Yudkowsky makes two arguments about how fast technology or society is evolving: in one he chooses 500 years ago, 1517. In another, he talks about "the last 10,000 years."

In contrast, Chollet compares 1900-1950 with 1950-2000.

I agree, we've changed the world in big ways compared to 1517 or 8000 BC. But if we're on a more-than-linear increase, then we should be seeing more and more technological growth in very recent timeframes, not needing to reach back centuries or millennia.

In fact, if you consider a y = log(x) or y = sqrt(x) function, those more closely fit a narrative of "If you look back a long time, things seem almost crazily changed, but if you look into recent history, it looks slower" much better than a y = x^2 or y = e^x function.

5 comments

This should be seen in the context of the article Yudkowsky is replying to. Collet's position is that runaway AGI is impossible, and in support of that, he claims that it is impossible for AI technology to grow super-linearly. In his refutation, Yudkowski has merely to show that it is not beyond the bounds of possibility.

Of course, insofar as he is also putting forward the view that the risk is significant, he is also putting forward the opinion that it is quite plausible - at least plausible enough to take the scenario seriously. That argument can survive occasional stalls in the rate of technological advance, if that is indeed what we are seeing.

So the real question is about plausibility, not possibility?

It's possible that predatory aliens will show up on our doorstep sometime in the next few decades. But it's not very likely, and not something we need to prepare for.

By claiming the impossibility of an AI apocalypse, Chollet attempts to avoid discussing any other possibility / plausibility / likelihood than zero, but claiming impossibility brings with it a burden of proof that his arguments cannot carry.

As to whether an AI apocalypse is more or less likely than an invasion by predatory aliens, I would guess that it might be the more likely one, but I wouldn't put much effort into defending that position.

Thank you for pointing this out.
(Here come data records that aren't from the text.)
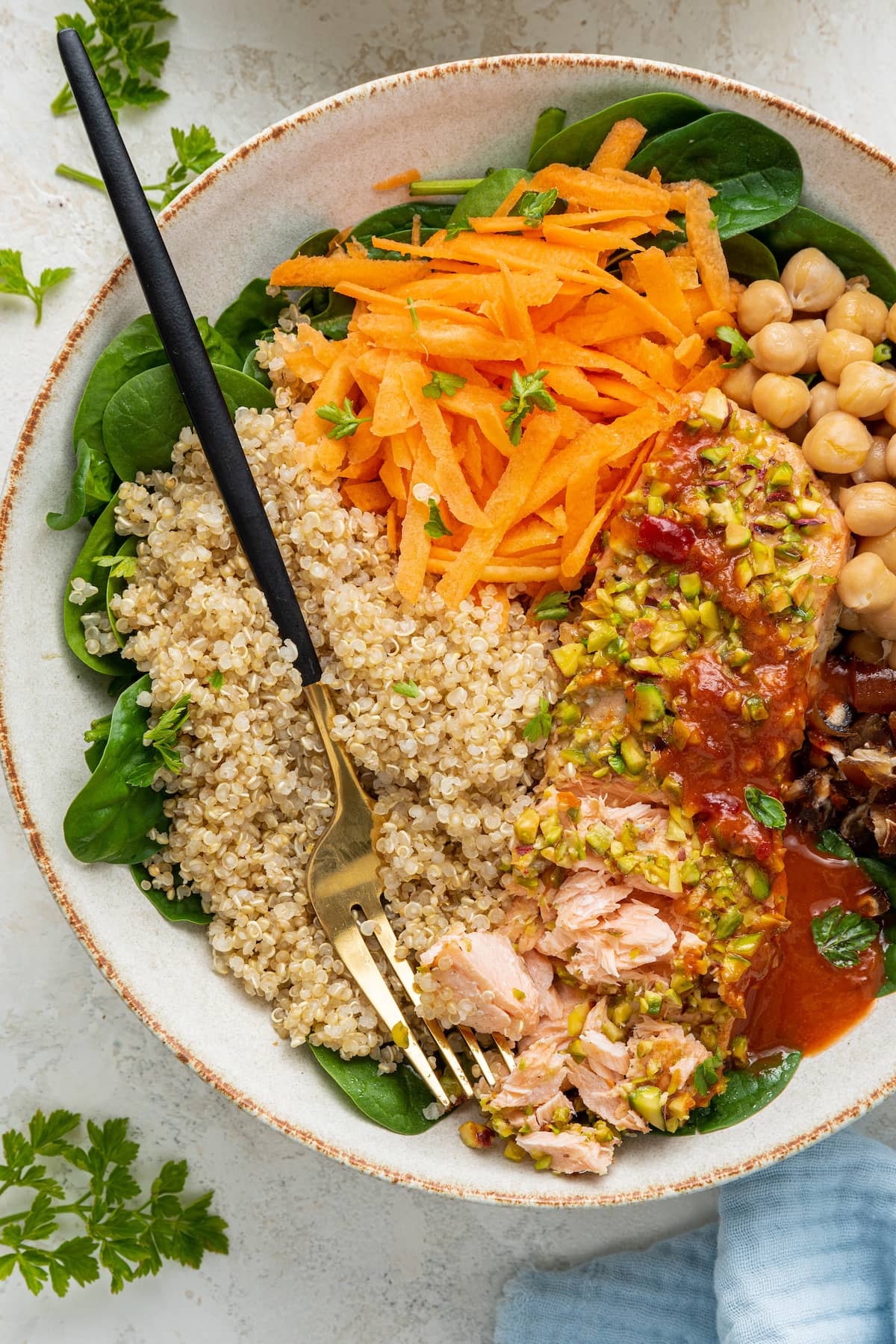A pistachio salmon salad is served in a white bowl with a fork.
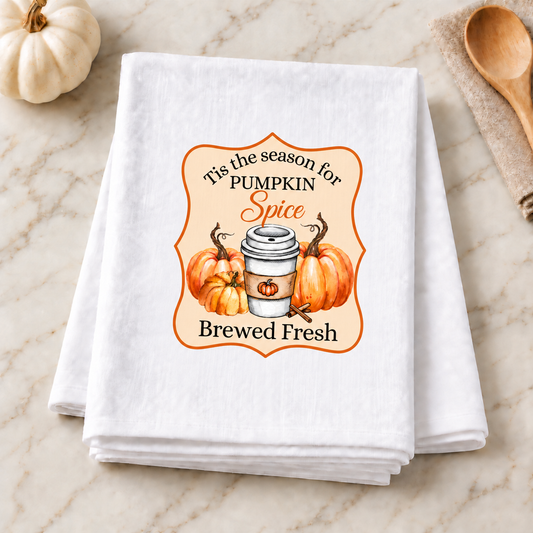 Tis The Season For Pumpkin Spice design on folded white towel in a neutral fall kitchen scene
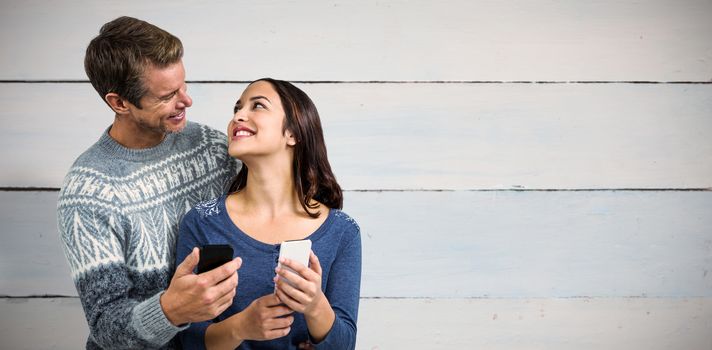 Composite image of happy romantic couple with mobile phone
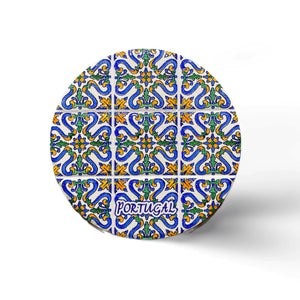 A round cork coaster displays a colorful, intricate tile pattern featuring blue, yellow, and green designs. The word "Portugal" is written near the bottom in a decorative font. The background is white and minimalistic. This charming item makes for a perfect souvenir from Portugal.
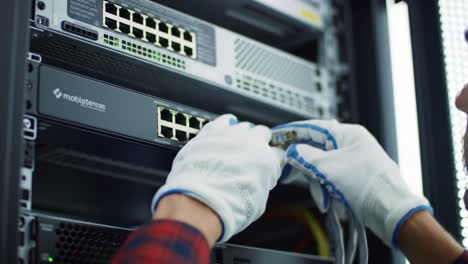 a technician expertly connects network cables in a data center, ensuring seamless electrical connections in a server rack equipped with high-performance switches and routers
As an historian, the appeal to a deep historical argument in these situations drive me nuts. We find ultra-rationalist, data-driven people like Yudkowsky relying on a hugely flawed and imperfect historical record to make confident pronouncements.

In my opinion, the historical record from, say, 1517 (or even 1717) is so full of gaps and inconsistencies that it is impossible to make even an order of magnitude level estimate regarding something like rate of technological innovation (or even world GDP, arguably).

Economists and social scientists are often guilty of this as well - for instance, I really liked the parts of Pinker's Better Angels of Our Nature that dealt with relatively reliable quantitative data from the 20th and 19th centuries. But once he starts talking about things like the An Lushan rebellion or the fall of the Roman Empire, it's a complete mess from an empirical point of view, doing things like taking the numbers of fatalities cited by contemporary participants in an historical conflict at face value. No self-respecting historian would make such big assumptions from such faulty data.

Anyway, I realize this is incidental to the larger argument here but insofar as questions about exponential growth of technology draw on historical arguments, I wanted to throw it out there.

> But if we're on a more-than-linear increase, then we should be seeing more and more technological growth in very recent timeframes, not needing to reach back centuries or millennia.

We are. Look at the time frame from the invention of the transistor to everyone doing nearly everything online. It's less than the average human lifetime.

Look at the timeline from the first computer program to play chess, to beating chess world champions, to the recent announcement of DeepMind that beat all existing computer programs after teaching itself the game within the span of a few hours.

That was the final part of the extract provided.